* **Problem statement**:
Every line of the entries below from the one containing "Wall mural black" to the one containing "Viên uống bổ", both ends included, must be written out exactly. No other line belongs in the answer.

(Extracted data entries)
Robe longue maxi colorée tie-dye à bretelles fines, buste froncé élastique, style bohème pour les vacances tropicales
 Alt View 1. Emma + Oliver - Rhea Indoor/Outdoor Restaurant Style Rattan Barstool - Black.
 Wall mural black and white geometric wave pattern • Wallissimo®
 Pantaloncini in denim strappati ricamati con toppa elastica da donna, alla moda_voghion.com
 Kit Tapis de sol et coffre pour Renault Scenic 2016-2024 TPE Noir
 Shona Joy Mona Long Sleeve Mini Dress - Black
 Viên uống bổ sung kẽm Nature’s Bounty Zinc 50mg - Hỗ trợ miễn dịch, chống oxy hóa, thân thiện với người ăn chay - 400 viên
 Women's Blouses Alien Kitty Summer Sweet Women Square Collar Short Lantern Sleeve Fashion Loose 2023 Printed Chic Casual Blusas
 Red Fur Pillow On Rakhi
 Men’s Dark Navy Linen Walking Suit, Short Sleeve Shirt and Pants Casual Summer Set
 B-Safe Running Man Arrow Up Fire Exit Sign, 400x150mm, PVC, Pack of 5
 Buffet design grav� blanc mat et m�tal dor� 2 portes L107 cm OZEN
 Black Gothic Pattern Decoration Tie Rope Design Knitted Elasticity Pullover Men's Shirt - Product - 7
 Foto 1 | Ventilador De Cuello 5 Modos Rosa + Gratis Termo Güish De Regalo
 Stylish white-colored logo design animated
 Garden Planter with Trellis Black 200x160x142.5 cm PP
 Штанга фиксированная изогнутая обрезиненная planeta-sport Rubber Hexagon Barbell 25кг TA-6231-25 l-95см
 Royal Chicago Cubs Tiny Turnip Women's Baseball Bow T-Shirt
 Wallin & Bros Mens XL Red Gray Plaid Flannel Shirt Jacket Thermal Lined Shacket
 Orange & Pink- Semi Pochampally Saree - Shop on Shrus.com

* **Response**:
 Wall mural black and white geometric wave pattern • Wallissimo®
 Pantaloncini in denim strappati ricamati con toppa elastica da donna, alla moda_voghion.com
 Kit Tapis de sol et coffre pour Renault Scenic 2016-2024 TPE Noir
 Shona Joy Mona Long Sleeve Mini Dress - Black
 Viên uống bổ sung kẽm Nature’s Bounty Zinc 50mg - Hỗ trợ miễn dịch, chống oxy hóa, thân thiện với người ăn chay - 400 viên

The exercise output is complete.